Given data:

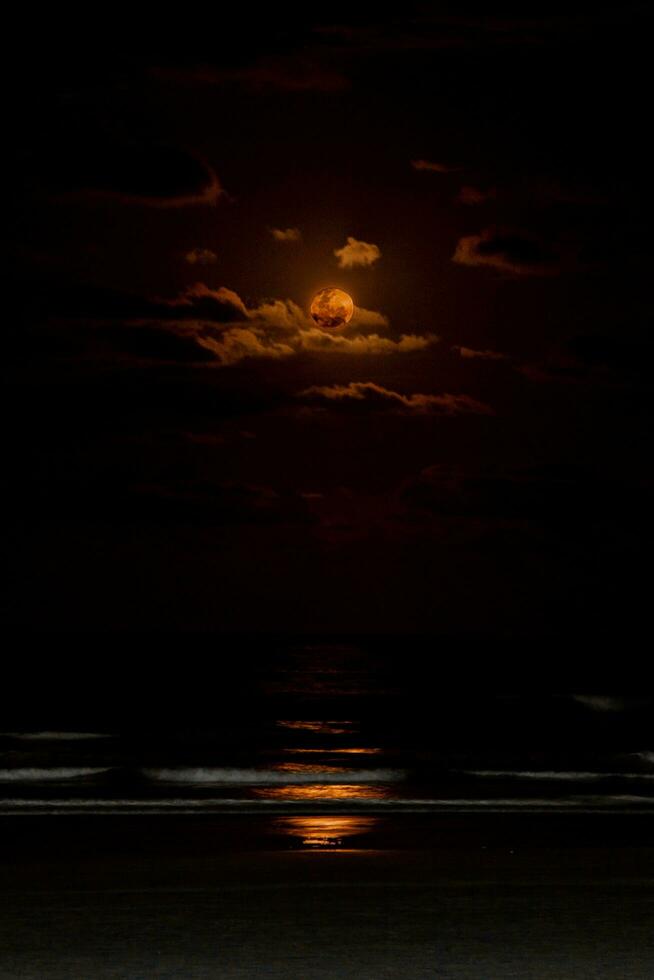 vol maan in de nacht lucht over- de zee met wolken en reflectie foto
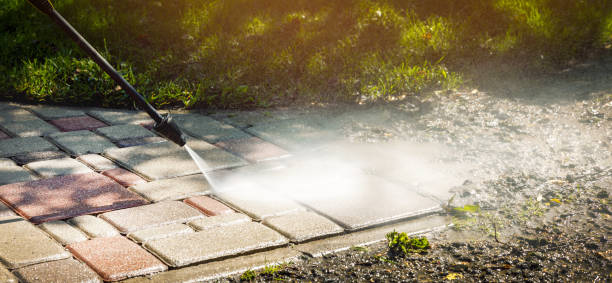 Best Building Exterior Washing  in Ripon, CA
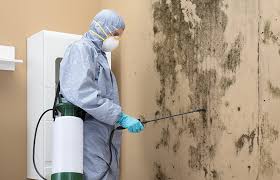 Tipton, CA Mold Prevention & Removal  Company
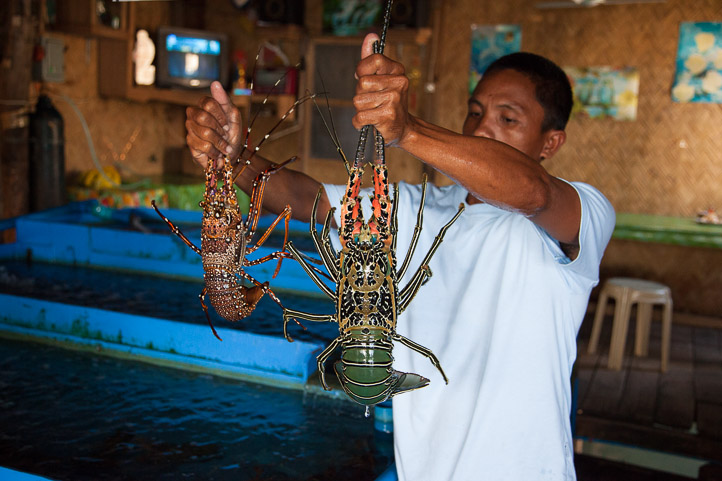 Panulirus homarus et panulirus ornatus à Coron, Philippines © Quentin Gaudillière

Assignment: Make a word-for-word repeat of the material, skipping all pictures.

Result for this exercise:
 vol maan in de nacht lucht over- de zee met wolken en reflectie foto
 Best Building Exterior Washing  in Ripon, CA
 Tipton, CA Mold Prevention & Removal  Company
 Panulirus homarus et panulirus ornatus à Coron, Philippines © Quentin Gaudillière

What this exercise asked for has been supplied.